Meet the Maker: More Tea, Vicar?

Mee the Maker Interview, Folksy Blog, Natalie Franca, More Tea Vicar

As the weather is turning colder, we thought it was time to get our knit on and introduce knitwear designer Natalie Franca, aka More Tea, Vicar?  Natalie has been knitting for most of her life, starting out at the young age of six. We recently caught up with Natalie to find out more about her inspirations behind her Folksy range…

Can you tell us a bit about yourself and your work?
My name is Natalie Franca, and I’ve lived in Manchester for 24 years. I’ve been knitting for over 35 years and haven’t really spent a day not knitting since I was taught. I have a full-time job so my spare time in the evenings and weekends is taken up by knitting for my Folksy shop. I love to knit accessories for people to wear and also items for the home.

Who taught you to knit?
My Nan and Mum taught me to knit when I was six, and I haven’t really stopped since. I still remember learning on my little red plastic needles and little balls of wool that they had left over. The first things I knitted were lots of squares for a patchwork blanket, which my mum and dad still have at their house. Then as I got older I went on to knitting jumpers and cardigans. However, for years when I was still living at home in Berkshire, I was always asking my mum to cast on and off for me and work all the shaping (sorry Mum!).

Folksy blog, Meet the Maker Interview, More Tea Vicar?
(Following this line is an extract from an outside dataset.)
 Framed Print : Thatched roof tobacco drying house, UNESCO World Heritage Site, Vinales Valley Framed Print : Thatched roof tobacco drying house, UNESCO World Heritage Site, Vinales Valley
“About 4 years ago I knitted a tea cosy for a house warming gift for a friend. She loved it… it went on from there. I then discovered Folksy and haven’t looked back.”

Did you always want to become knitwear designer?
I wanted to be a knitwear designer in my 20s, but the time wasn’t right. Then about four years ago I knitted a tea cosy as a housewarming gift for a friend, who was also opening a shop in London. She loved it and asked me to knit some items for her to stock and it went on from there. I then discovered Folksy and haven’t looked back.

How do you design your patterns? Is there anything that influences you?
It depends really, sometimes I can be sitting on the bus or trying to get to sleep and an idea pops into my head. Or sometimes I buy some lovely wool I’ve spotted and then think what I can make with it. I then draw a design, write some pattern notes and start knitting a test version. As I’ve been knitting for so long, I can tend to guess how many stitches and rows I need to knit. My favourite season is autumn and a lot of my knitwear is influenced by muted autumnal colours, though I do love to knit bright and colourful hats for children and babies.

Can you talk us through one of your pieces from start to finish?
I have a new range of chunky cowls in my shop – one of my bus journey ideas! I ordered the wool I wanted to use and then I sketched the design and measurements. I knitted a test version, but it wasn’t as wide as I wanted (so that’s now a gift to myself to wear indoors over winter). Back to the knitting board, I added more stitches and knitted. When I design something new I tend to write the actual pattern as I go along, so I remember exactly what I did. Once I was happy with it, I sewed it up, then sewed one of my labels in it and it was ready for photographing.

Meet the Maker interview, folksy blog, Natalie Franca

“I love Kaffe Fassett. I think he’s every knitter’s hero. His designs, colours and textures are absolutely wonderful.”

Are there any artists, designers or periods that particularly inspire you?
I love Kaffe Fassett, I think he’s every knitter’s hero. His designs, colours and textures are absolutely wonderful. I’m in awe of him! I love the styles of the 1930s and 40s and my ladies’ hats with the detachable flower brooch were inspired by that era – they look great with the hat pulled down and the flower worn to the side. I made little girl’s versions too, but in brighter colours.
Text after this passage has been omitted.